When students have to evacuate Spain in two days, emotions run high

The Toledo bridge in Madrid was empty during the lockdown Sunday.
The Toledo bridge in Madrid was empty during the lockdown Sunday.Bernat Armangue/Associated Press

In Spain, staying up late is a rite of passage. It’s a society enamored with the night, complete with shockingly late dinners and a nightclub culture that doesn’t get going until 2 a.m.

But two weeks ago Thursday, in my Madrid apartment, a group of us studying abroad for the semester were sleepless at 5 a.m. for a much less enjoyable reason.
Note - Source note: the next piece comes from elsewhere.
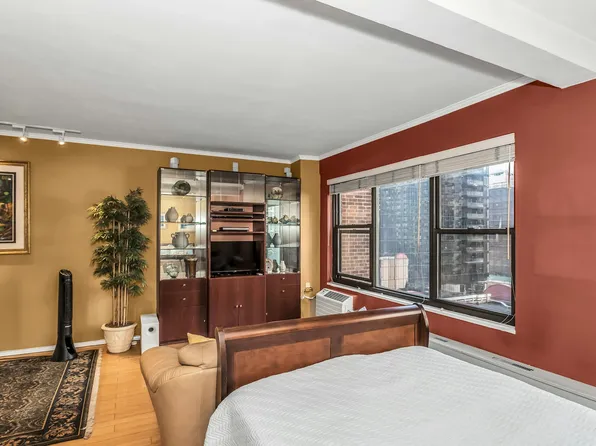 2 Tudor City Place image 7 of 15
President Trump had just announced there would be travel restrictions from most of Europe to the United States beginning in just two days.

The only thing that seemed certain at that point were the uncertainties, among them: What did it mean that we could return to the United States only after “appropriate testing”? And would our universities refund us for the flights home, which were already climbing past $2,000?
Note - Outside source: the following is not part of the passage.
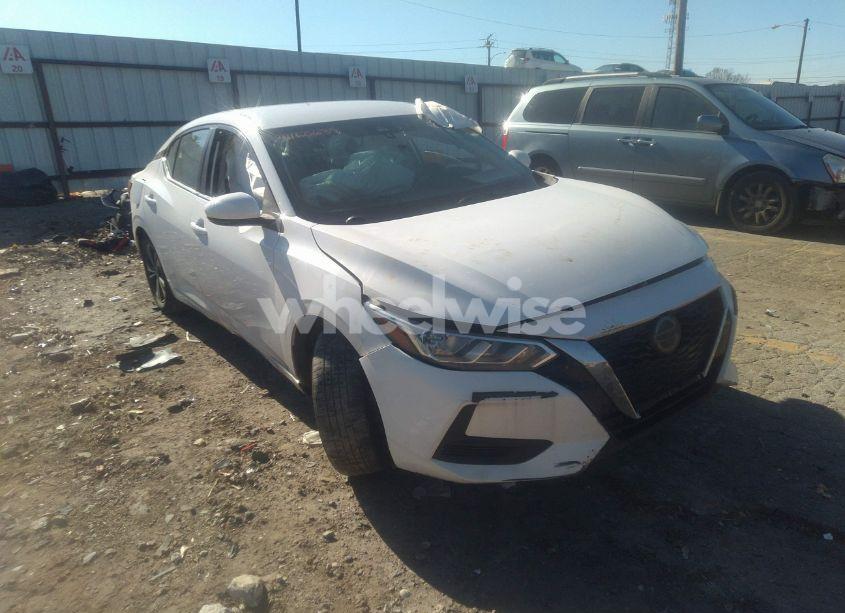 2020 Nissan Sentra SV XTRONIC CVT (VIN 3N1AB8CV7LY240390) main photo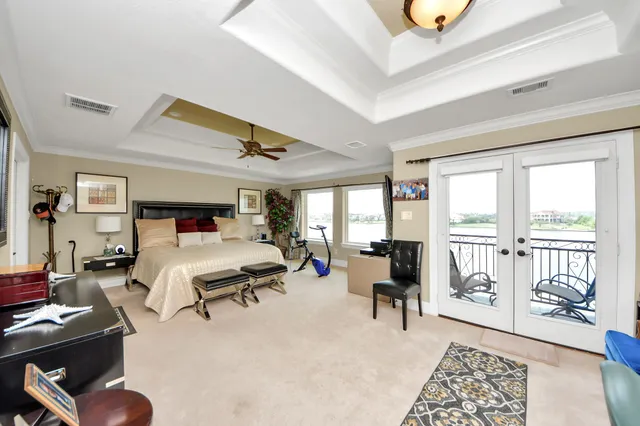 $679,000 | 4145 Boardwalk Boulevard, Seabrook, TX 77586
As the dust settled the next day, I packed for my flight and reflected on the insanity of the week leading up to this moment. The stress of the evacuation had been intensified for me because my phone was stolen days before. I could only communicate with my frantic mother through e-mail, and I couldn’t call the airlines.

I opened the windows to enjoy my last slice of Madrid sun. I knew it was right to leave, yet I couldn’t help but wallow in heartbreak as I tried to shove two pairs of cheap Spanish shoes into an already full suitcase.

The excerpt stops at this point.